Not introduced by this PR . Flagging here because the PR is the right window to fix it (small change, already touching this logic).

Reproduction

Setting rate.limiter.global.qps = 0.001 (or just 0) in config.conf:

  • Node starts cleanly (no error in logs)
  • First HTTP / gRPC request → HTTP 500
  • Every subsequent request → HTTP 500
  • Limiter never functions

Root cause

Two issues compound:

(a) RateLimiterConfig.GlobalConfig.qps is declared as int (common/src/main/java/org/tron/core/config/args/RateLimiterConfig.java:28,35,41). typesafe config silently truncates 0.001 to 0 via (long) 0.001 cast in ConfigDouble.longValue():

"0.001" → ConfigDouble(0.001)
        → SimpleConfig.getInt → intValueRangeChecked → (long) 0.001 = 0L → return 0
        → PARAMETER.rateLimiterGlobalQps = 0

intValueRangeChecked only validates the long-to-int range; it does not check whether the double is whole. No exception, no warning.
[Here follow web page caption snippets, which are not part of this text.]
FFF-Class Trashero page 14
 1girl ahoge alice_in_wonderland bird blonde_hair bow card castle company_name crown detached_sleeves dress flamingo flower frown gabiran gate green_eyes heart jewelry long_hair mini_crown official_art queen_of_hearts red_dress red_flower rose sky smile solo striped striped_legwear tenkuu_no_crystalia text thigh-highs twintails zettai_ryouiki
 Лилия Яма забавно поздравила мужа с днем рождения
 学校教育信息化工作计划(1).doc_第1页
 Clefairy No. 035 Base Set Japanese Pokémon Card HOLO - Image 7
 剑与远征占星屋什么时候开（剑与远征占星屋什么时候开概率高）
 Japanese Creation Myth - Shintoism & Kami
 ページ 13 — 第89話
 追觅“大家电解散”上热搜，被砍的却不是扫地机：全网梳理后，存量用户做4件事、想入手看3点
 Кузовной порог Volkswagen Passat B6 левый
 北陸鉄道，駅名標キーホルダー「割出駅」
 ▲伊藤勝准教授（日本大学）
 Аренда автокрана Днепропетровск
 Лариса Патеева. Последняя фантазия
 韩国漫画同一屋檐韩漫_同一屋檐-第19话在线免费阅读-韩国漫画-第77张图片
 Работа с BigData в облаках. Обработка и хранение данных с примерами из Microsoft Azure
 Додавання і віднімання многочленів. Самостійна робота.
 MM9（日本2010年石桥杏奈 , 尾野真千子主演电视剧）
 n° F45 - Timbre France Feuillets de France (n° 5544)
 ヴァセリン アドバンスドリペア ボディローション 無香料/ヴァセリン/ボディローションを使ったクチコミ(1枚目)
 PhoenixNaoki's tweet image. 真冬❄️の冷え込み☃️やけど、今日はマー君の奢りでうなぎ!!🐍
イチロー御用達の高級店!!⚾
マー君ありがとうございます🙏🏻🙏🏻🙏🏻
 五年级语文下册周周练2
(b) GlobalRateLimiter initializes its static RateLimiter field at class-load time:

private static RateLimiter rateLimiter = RateLimiter.create(QPS);

RateLimiter.create(0) throws IllegalArgumentException("rate must be positive"). JVM wraps it as ExceptionInInitializerError, putting the class in a permanently erroneous state:

Stage Result
Node startup ✅ Succeeds (GlobalRateLimiter is lazy-loaded)
First request triggers class init ExceptionInInitializerError → 500
Subsequent requests NoClassDefFoundError → 500
Servlet catch (Exception unexpected) Doesn't catch — ExceptionInInitializerError is Error, not Exception

Suggested fix

Must-have — fail-fast validation in Args.applyRateLimiterConfig:

private static void applyRateLimiterConfig(RateLimiterConfig rl) {
  int qps    = rl.getGlobal().getQps();
  int ipQps  = rl.getGlobal().getIp().getQps();
  int apiQps = rl.getGlobal().getApi().getQps();
  if (qps <= 0 || ipQps <= 0 || apiQps <= 0) {
    throw new TronError(
        String.format("rate.limiter.global qps must be positive: qps=%d, ip.qps=%d, api.qps=%d",
            qps, ipQps, apiQps),
        TronError.ErrCode.RATE_LIMITER_INIT);
  }
  ...
}

This alone resolves the catastrophic "node up, all APIs 500" mode: the same misconfiguration now produces a clear startup error instead of opaque runtime failures. Users who write 0.5 will see qps must be positive (slightly misleading because the typed value was positive, but truncated to 0) — acceptable trade-off for a one-line guard.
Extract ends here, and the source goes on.